TASK ITEM
This exercise asks for the entries to be repeated exactly, without their images.

SUPPLIED ENTRIES

+ + + +

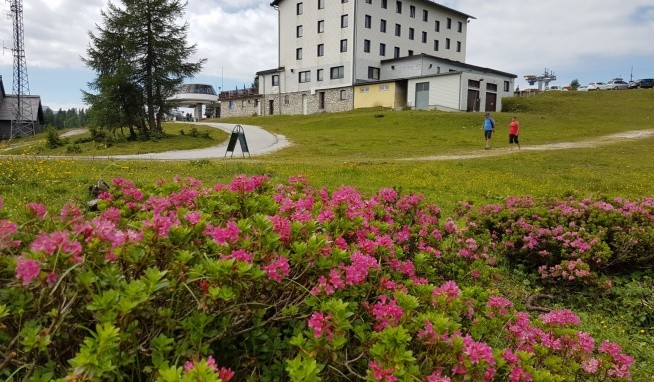 Berghof Tauplitzalm opinie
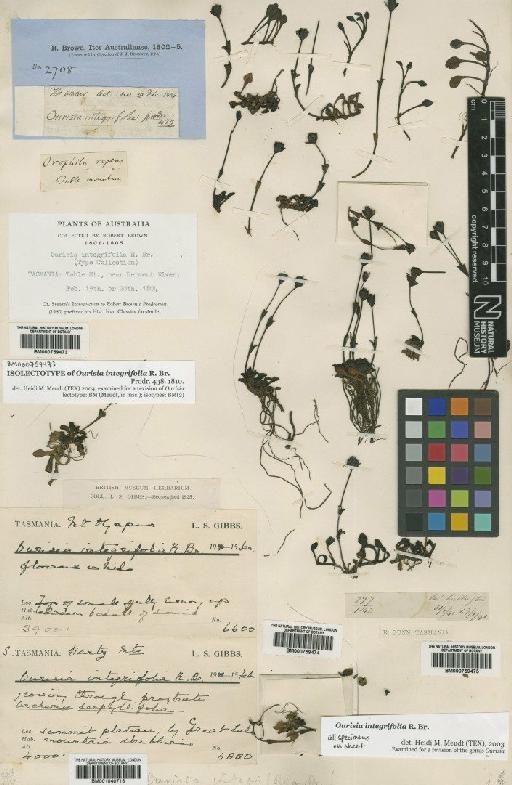 Ourisia integrifolia R.Br. - BM000759474 (2)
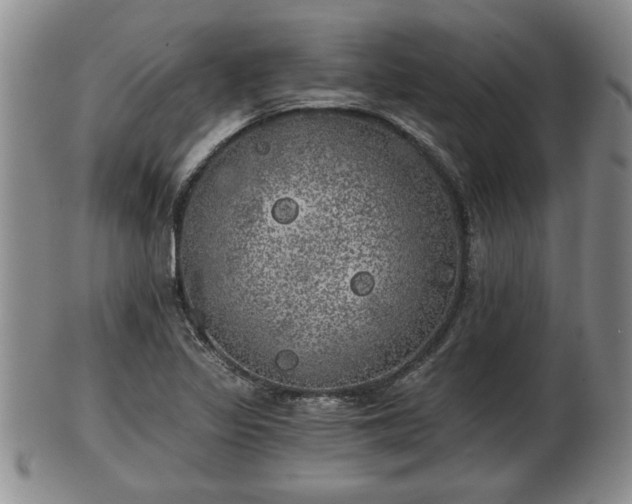 X0000103221317200809040954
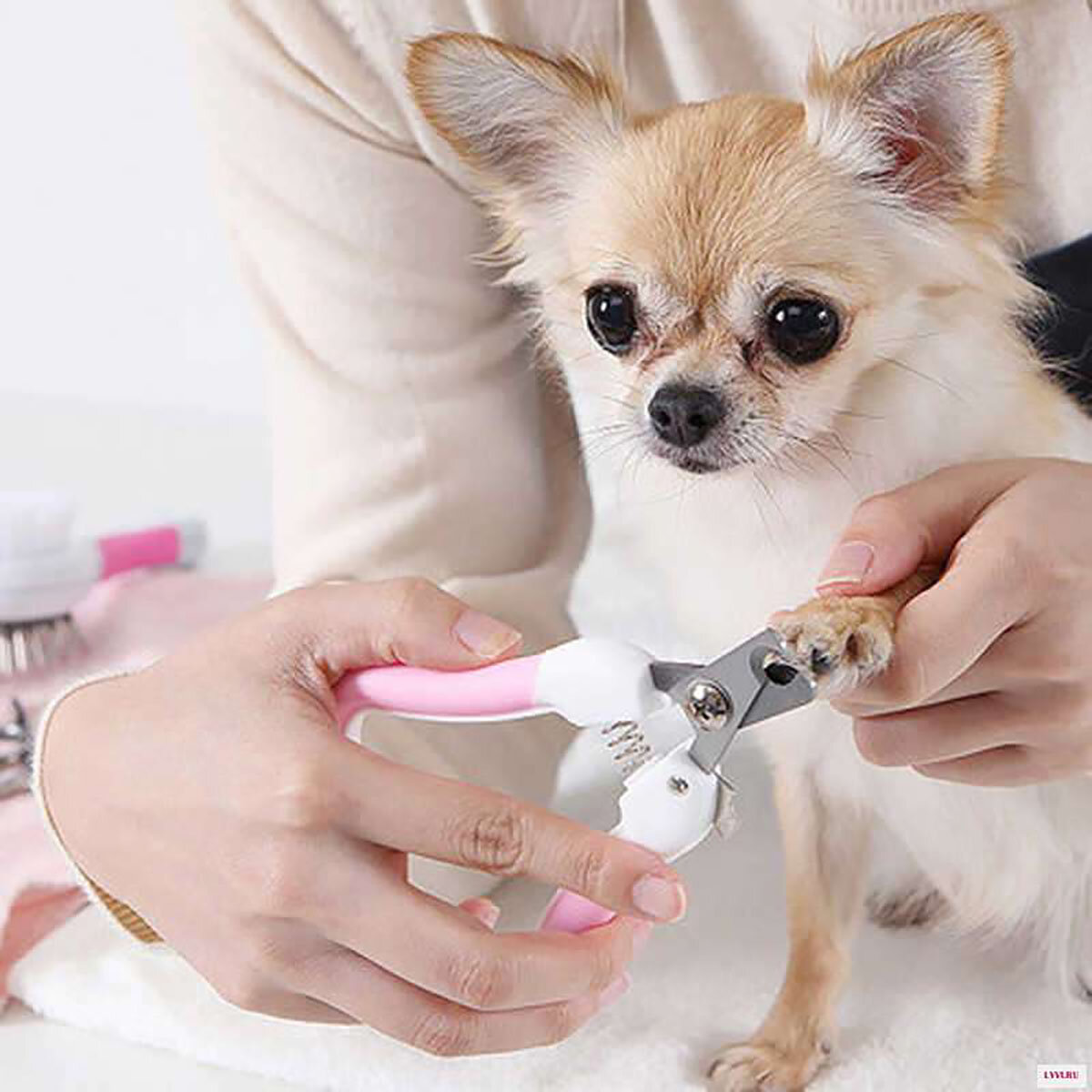 Стрижка когтей у чихуахуа. Источник фото - сайт: https://clck.ru/Yw94t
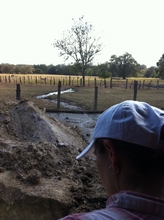 Farm waste will be treated and turned into gas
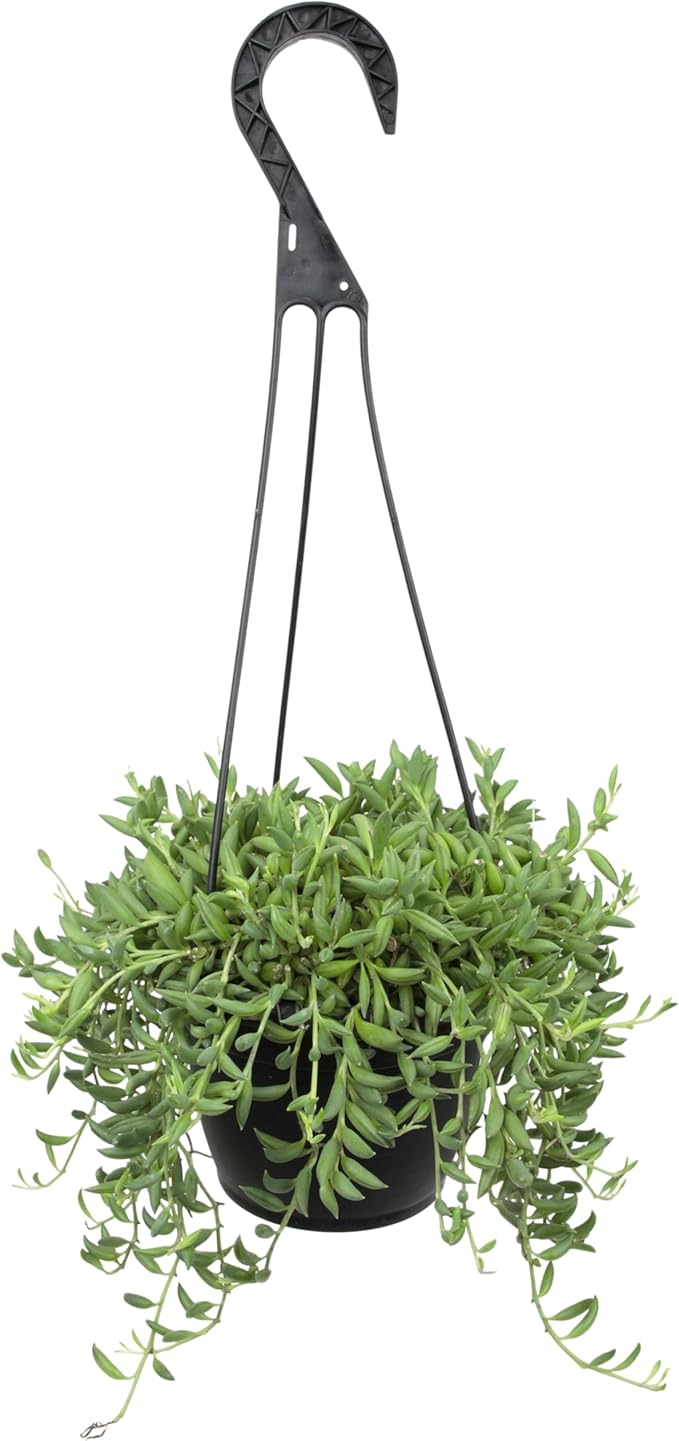 String of Bananas Succulent Plant Decor Hanging Basket, Real Succulents & Houseplants for Home or Office, Senecio Radicans, Unique House Plants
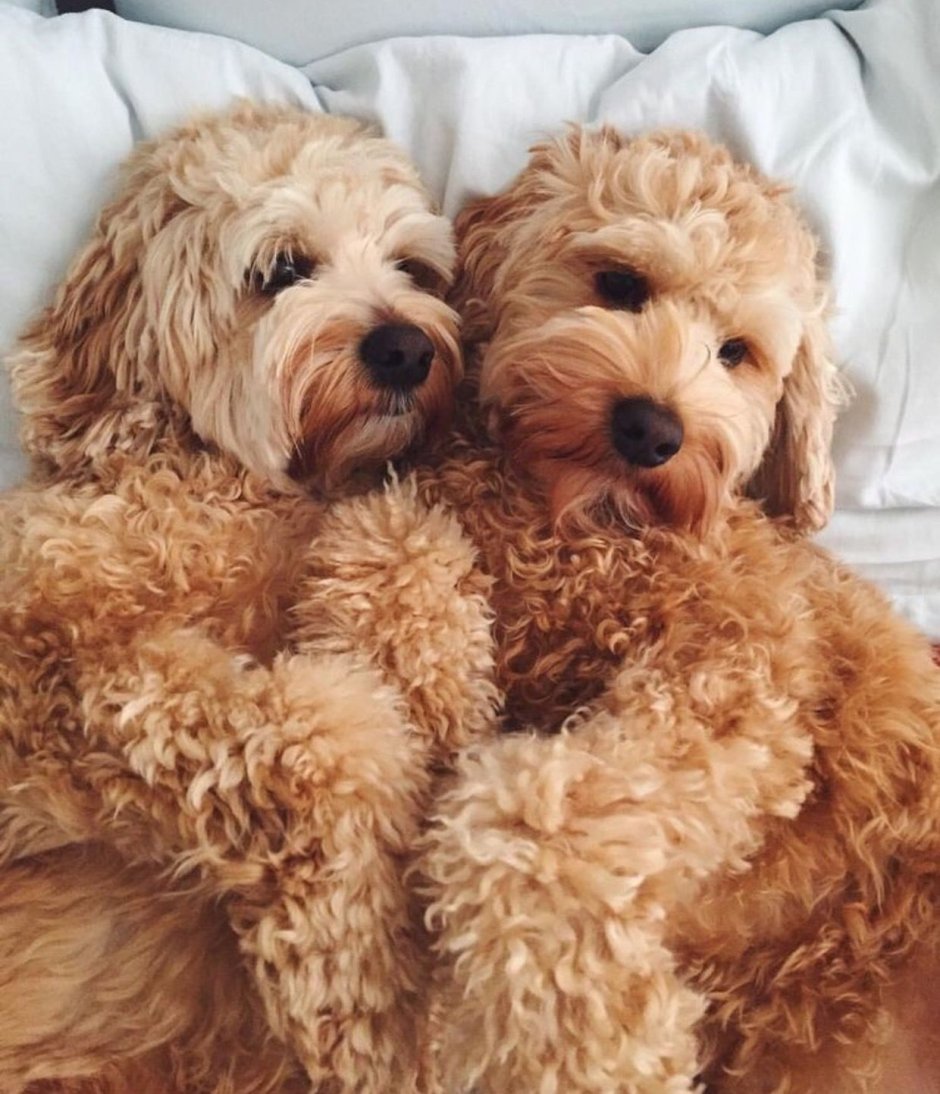 Two little Puppy Dogs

+ + + +

ANSWER FOR THE TASK
 Berghof Tauplitzalm opinie
 Ourisia integrifolia R.Br. - BM000759474 (2)
 X0000103221317200809040954
 Стрижка когтей у чихуахуа. Источник фото - сайт: https://clck.ru/Yw94t
 Farm waste will be treated and turned into gas
 String of Bananas Succulent Plant Decor Hanging Basket, Real Succulents & Houseplants for Home or Office, Senecio Radicans, Unique House Plants
 Two little Puppy Dogs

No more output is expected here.